Second-class residents

See also: path to citizenship, guest worker programs, territorialism, and local inequality aversion.

One of the keyhole solutions that have been offered for the many claimed harms of immigration is the use and expansion of guest worker programs. Many people have objected to guest worker programs on the grounds that such programs create “second class residents” (often called “second class citizens” though that term is somewhat inaccurate since guest workers are not granted citizenship). The crux of this objection is that there is something fundamentally wrong about different people in the same geographic region having different bundles of privileges, specifically that some people can vote and others can’t, or that some people have access to various aspects of the welfare state and others don’t.

One of the motivations behind the second-class residents objection might be local inequality aversion.

Interestingly, the “second-class residents” objection is raised by people on both ends of the open borders debate.
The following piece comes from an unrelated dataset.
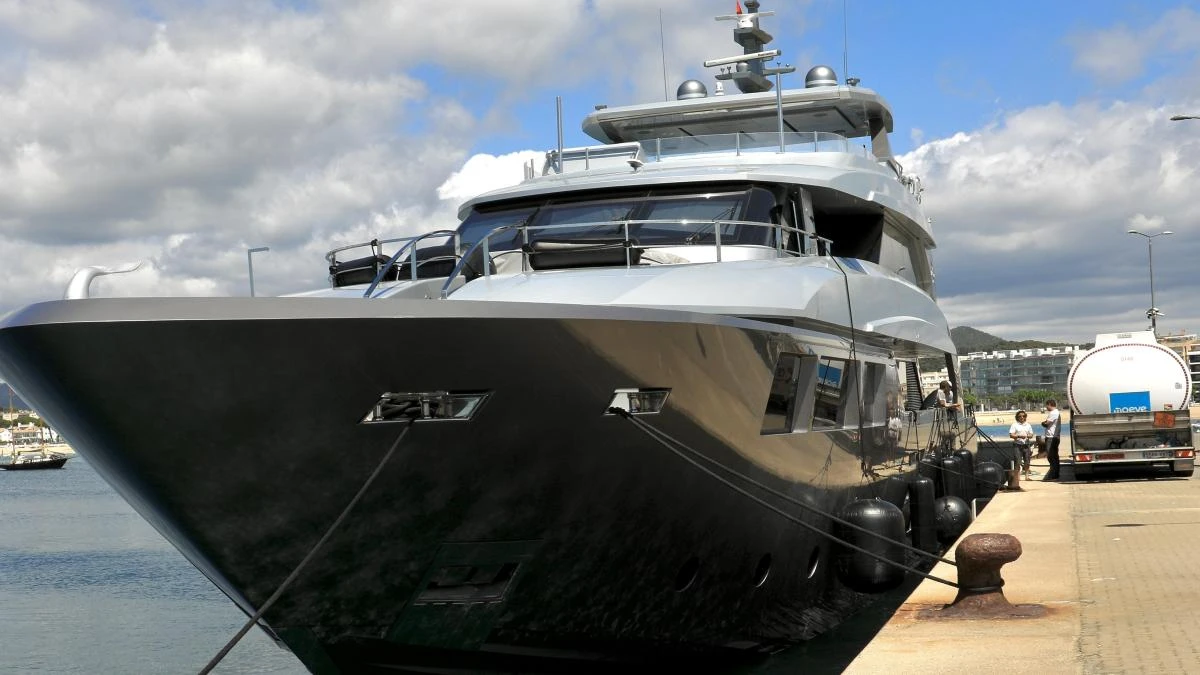 Así es el 'bunkering', el repostaje de combustible de los yates en el puerto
It is also argued against by people on both ends of the open border debate.

  • Restrictionists making the second-class residents argument: Some restrictionists view immigration as an “all-or-none” deal — either a person immigrates with full political privileges and welfare state access rights, or the person doesn’t immigrate at all. This, combined with their views of the various harms associated with immigration, leads them to a “low-immigration, pro-immigrant” stance such as that of the Center for Immigration Studies.
  • Open borders advocates making the second-class residents argument: Some open borders advocates wish to see the border open and believe that compromise regarding the political privileges and welfare state access benefits of immigrants is not acceptable. So, they support open borders and reject guest worker programs.
  • Restrictionists who reject the second-class residents argument: Many restrictionists are open to considering guest worker programs if these substitute away from existing immigration, but are not keen to expand such programs to increase the overall quantity of immigration. Such restrictionists usually think that the evils of immigration with full political privileges are greater than the possible evil or injustice of the “second-class residents” dynamic created by guest worker programs.
  • Open borders advocates who reject the second-class residents argument: These are typically people who are pushing for changes to the status quo and are willing to make compromises in the rights of immigrants to enable larger quantities of immigration. Many of these open borders advocates also hail from a libertarian tradition that treats voting privileges and welfare state access rights as instrumentally useful rather than fundamental/inalienable rights, so they don’t see it as a massive injustice if a system gives people an option to voluntarily forego some political privileges or welfare state benefits in exchange for migrating to the destination of their choice.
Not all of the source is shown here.